[Material for this exercise Boundary: Start]
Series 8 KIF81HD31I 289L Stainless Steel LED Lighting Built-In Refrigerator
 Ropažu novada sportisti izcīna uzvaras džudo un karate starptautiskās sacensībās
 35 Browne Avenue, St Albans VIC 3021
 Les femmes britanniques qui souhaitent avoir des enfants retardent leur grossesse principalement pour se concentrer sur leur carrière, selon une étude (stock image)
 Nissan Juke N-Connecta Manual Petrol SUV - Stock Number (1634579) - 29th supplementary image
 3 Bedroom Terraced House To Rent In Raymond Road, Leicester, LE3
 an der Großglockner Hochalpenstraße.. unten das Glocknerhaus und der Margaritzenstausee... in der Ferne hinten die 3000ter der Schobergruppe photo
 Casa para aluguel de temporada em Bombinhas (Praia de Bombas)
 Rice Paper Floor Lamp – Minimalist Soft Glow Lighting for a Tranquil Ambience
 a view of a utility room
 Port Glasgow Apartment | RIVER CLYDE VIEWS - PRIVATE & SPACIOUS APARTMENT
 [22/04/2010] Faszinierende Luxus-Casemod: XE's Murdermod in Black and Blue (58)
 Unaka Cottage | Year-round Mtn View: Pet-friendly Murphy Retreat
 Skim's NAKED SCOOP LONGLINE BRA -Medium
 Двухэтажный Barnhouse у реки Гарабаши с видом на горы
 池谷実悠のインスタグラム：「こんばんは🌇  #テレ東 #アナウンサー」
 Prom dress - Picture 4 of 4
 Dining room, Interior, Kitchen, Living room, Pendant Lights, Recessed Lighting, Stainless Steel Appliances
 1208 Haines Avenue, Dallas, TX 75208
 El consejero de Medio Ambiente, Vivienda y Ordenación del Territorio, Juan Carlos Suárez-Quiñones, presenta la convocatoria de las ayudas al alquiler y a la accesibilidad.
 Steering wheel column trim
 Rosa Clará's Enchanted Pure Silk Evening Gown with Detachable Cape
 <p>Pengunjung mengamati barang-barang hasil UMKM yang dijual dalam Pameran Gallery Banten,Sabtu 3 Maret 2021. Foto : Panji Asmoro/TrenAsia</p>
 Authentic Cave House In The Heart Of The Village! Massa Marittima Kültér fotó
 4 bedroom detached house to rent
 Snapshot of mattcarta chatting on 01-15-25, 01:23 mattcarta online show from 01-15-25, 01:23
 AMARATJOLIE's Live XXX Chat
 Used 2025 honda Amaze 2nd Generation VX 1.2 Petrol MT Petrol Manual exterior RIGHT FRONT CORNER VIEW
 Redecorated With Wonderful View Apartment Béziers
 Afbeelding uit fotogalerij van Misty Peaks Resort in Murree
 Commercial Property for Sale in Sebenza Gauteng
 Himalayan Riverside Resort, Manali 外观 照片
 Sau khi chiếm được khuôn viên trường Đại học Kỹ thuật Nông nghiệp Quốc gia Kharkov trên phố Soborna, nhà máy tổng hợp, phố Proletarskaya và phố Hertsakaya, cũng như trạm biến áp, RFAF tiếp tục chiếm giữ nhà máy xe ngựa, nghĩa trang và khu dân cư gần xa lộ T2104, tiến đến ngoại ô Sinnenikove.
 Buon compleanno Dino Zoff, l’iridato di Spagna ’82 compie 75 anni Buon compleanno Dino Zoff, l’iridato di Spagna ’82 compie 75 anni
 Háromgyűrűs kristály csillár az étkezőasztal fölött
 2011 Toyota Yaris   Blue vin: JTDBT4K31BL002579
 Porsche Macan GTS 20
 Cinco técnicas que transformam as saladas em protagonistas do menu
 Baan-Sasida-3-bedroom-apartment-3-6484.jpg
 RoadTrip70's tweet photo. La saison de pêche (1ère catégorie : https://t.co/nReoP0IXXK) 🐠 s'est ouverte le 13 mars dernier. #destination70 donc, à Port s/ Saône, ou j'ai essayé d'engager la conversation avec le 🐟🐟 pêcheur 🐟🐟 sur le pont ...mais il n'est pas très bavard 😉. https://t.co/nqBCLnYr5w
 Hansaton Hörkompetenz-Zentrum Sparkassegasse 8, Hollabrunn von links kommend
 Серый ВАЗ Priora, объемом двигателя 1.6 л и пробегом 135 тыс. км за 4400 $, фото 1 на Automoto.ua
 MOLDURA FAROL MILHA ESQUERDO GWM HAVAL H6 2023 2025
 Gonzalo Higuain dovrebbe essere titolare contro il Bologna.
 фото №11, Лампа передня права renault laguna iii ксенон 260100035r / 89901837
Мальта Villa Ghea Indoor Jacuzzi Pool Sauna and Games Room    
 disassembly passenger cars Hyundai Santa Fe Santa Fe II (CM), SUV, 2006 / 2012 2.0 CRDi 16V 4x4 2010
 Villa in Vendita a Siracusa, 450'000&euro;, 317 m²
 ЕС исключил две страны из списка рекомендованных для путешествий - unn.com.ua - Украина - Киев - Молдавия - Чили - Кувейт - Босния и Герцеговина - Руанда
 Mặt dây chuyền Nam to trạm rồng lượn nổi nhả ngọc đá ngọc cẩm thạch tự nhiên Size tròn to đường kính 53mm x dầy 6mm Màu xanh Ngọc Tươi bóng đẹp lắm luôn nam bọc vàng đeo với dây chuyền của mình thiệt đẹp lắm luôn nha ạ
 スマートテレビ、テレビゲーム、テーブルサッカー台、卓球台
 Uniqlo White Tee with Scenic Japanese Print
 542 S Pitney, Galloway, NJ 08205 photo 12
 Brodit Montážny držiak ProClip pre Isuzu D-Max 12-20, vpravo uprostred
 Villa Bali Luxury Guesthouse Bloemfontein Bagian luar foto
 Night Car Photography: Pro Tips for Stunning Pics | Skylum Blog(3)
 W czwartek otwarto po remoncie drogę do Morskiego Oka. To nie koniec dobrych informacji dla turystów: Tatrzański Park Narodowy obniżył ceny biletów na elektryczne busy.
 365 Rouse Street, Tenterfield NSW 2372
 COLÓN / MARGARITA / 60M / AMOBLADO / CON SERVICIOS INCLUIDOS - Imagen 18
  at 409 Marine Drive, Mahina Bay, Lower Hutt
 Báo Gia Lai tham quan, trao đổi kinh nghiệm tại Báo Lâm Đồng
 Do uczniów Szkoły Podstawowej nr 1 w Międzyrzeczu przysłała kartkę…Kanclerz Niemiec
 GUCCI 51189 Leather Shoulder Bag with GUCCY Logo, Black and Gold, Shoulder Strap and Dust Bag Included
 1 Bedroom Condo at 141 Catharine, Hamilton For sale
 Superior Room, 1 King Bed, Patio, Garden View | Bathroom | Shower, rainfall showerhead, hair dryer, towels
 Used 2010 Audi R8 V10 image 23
[Material for this exercise Boundary: End]
#### Try it
Preserving every character, copy the records above out again.

#### Your response
Series 8 KIF81HD31I 289L Stainless Steel LED Lighting Built-In Refrigerator
 Ropažu novada sportisti izcīna uzvaras džudo un karate starptautiskās sacensībās
 35 Browne Avenue, St Albans VIC 3021
 Les femmes britanniques qui souhaitent avoir des enfants retardent leur grossesse principalement pour se concentrer sur leur carrière, selon une étude (stock image)
 Nissan Juke N-Connecta Manual Petrol SUV - Stock Number (1634579) - 29th supplementary image
 3 Bedroom Terraced House To Rent In Raymond Road, Leicester, LE3
 an der Großglockner Hochalpenstraße.. unten das Glocknerhaus und der Margaritzenstausee... in der Ferne hinten die 3000ter der Schobergruppe photo
 Casa para aluguel de temporada em Bombinhas (Praia de Bombas)
 Rice Paper Floor Lamp – Minimalist Soft Glow Lighting for a Tranquil Ambience
 a view of a utility room
 Port Glasgow Apartment | RIVER CLYDE VIEWS - PRIVATE & SPACIOUS APARTMENT
 [22/04/2010] Faszinierende Luxus-Casemod: XE's Murdermod in Black and Blue (58)
 Unaka Cottage | Year-round Mtn View: Pet-friendly Murphy Retreat
 Skim's NAKED SCOOP LONGLINE BRA -Medium
 Двухэтажный Barnhouse у реки Гарабаши с видом на горы
 池谷実悠のインスタグラム：「こんばんは🌇  #テレ東 #アナウンサー」
 Prom dress - Picture 4 of 4
 Dining room, Interior, Kitchen, Living room, Pendant Lights, Recessed Lighting, Stainless Steel Appliances
 1208 Haines Avenue, Dallas, TX 75208
 El consejero de Medio Ambiente, Vivienda y Ordenación del Territorio, Juan Carlos Suárez-Quiñones, presenta la convocatoria de las ayudas al alquiler y a la accesibilidad.
 Steering wheel column trim
 Rosa Clará's Enchanted Pure Silk Evening Gown with Detachable Cape
 <p>Pengunjung mengamati barang-barang hasil UMKM yang dijual dalam Pameran Gallery Banten,Sabtu 3 Maret 2021. Foto : Panji Asmoro/TrenAsia</p>
 Authentic Cave House In The Heart Of The Village! Massa Marittima Kültér fotó
 4 bedroom detached house to rent
 Snapshot of mattcarta chatting on 01-15-25, 01:23 mattcarta online show from 01-15-25, 01:23
 AMARATJOLIE's Live XXX Chat
 Used 2025 honda Amaze 2nd Generation VX 1.2 Petrol MT Petrol Manual exterior RIGHT FRONT CORNER VIEW
 Redecorated With Wonderful View Apartment Béziers
 Afbeelding uit fotogalerij van Misty Peaks Resort in Murree
 Commercial Property for Sale in Sebenza Gauteng
 Himalayan Riverside Resort, Manali 外观 照片
 Sau khi chiếm được khuôn viên trường Đại học Kỹ thuật Nông nghiệp Quốc gia Kharkov trên phố Soborna, nhà máy tổng hợp, phố Proletarskaya và phố Hertsakaya, cũng như trạm biến áp, RFAF tiếp tục chiếm giữ nhà máy xe ngựa, nghĩa trang và khu dân cư gần xa lộ T2104, tiến đến ngoại ô Sinnenikove.
 Buon compleanno Dino Zoff, l’iridato di Spagna ’82 compie 75 anni Buon compleanno Dino Zoff, l’iridato di Spagna ’82 compie 75 anni
 Háromgyűrűs kristály csillár az étkezőasztal fölött
 2011 Toyota Yaris   Blue vin: JTDBT4K31BL002579
 Porsche Macan GTS 20
 Cinco técnicas que transformam as saladas em protagonistas do menu
 Baan-Sasida-3-bedroom-apartment-3-6484.jpg
 RoadTrip70's tweet photo. La saison de pêche (1ère catégorie : https://t.co/nReoP0IXXK) 🐠 s'est ouverte le 13 mars dernier. #destination70 donc, à Port s/ Saône, ou j'ai essayé d'engager la conversation avec le 🐟🐟 pêcheur 🐟🐟 sur le pont ...mais il n'est pas très bavard 😉. https://t.co/nqBCLnYr5w
 Hansaton Hörkompetenz-Zentrum Sparkassegasse 8, Hollabrunn von links kommend
 Серый ВАЗ Priora, объемом двигателя 1.6 л и пробегом 135 тыс. км за 4400 $, фото 1 на Automoto.ua
 MOLDURA FAROL MILHA ESQUERDO GWM HAVAL H6 2023 2025
 Gonzalo Higuain dovrebbe essere titolare contro il Bologna.
 фото №11, Лампа передня права renault laguna iii ксенон 260100035r / 89901837
Мальта Villa Ghea Indoor Jacuzzi Pool Sauna and Games Room    
 disassembly passenger cars Hyundai Santa Fe Santa Fe II (CM), SUV, 2006 / 2012 2.0 CRDi 16V 4x4 2010
 Villa in Vendita a Siracusa, 450'000&euro;, 317 m²
 ЕС исключил две страны из списка рекомендованных для путешествий - unn.com.ua - Украина - Киев - Молдавия - Чили - Кувейт - Босния и Герцеговина - Руанда
 Mặt dây chuyền Nam to trạm rồng lượn nổi nhả ngọc đá ngọc cẩm thạch tự nhiên Size tròn to đường kính 53mm x dầy 6mm Màu xanh Ngọc Tươi bóng đẹp lắm luôn nam bọc vàng đeo với dây chuyền của mình thiệt đẹp lắm luôn nha ạ
 スマートテレビ、テレビゲーム、テーブルサッカー台、卓球台
 Uniqlo White Tee with Scenic Japanese Print
 542 S Pitney, Galloway, NJ 08205 photo 12
 Brodit Montážny držiak ProClip pre Isuzu D-Max 12-20, vpravo uprostred
 Villa Bali Luxury Guesthouse Bloemfontein Bagian luar foto
 Night Car Photography: Pro Tips for Stunning Pics | Skylum Blog(3)
 W czwartek otwarto po remoncie drogę do Morskiego Oka. To nie koniec dobrych informacji dla turystów: Tatrzański Park Narodowy obniżył ceny biletów na elektryczne busy.
 365 Rouse Street, Tenterfield NSW 2372
 COLÓN / MARGARITA / 60M / AMOBLADO / CON SERVICIOS INCLUIDOS - Imagen 18
  at 409 Marine Drive, Mahina Bay, Lower Hutt
 Báo Gia Lai tham quan, trao đổi kinh nghiệm tại Báo Lâm Đồng
 Do uczniów Szkoły Podstawowej nr 1 w Międzyrzeczu przysłała kartkę…Kanclerz Niemiec
 GUCCI 51189 Leather Shoulder Bag with GUCCY Logo, Black and Gold, Shoulder Strap and Dust Bag Included
 1 Bedroom Condo at 141 Catharine, Hamilton For sale
 Superior Room, 1 King Bed, Patio, Garden View | Bathroom | Shower, rainfall showerhead, hair dryer, towels
 Used 2010 Audi R8 V10 image 23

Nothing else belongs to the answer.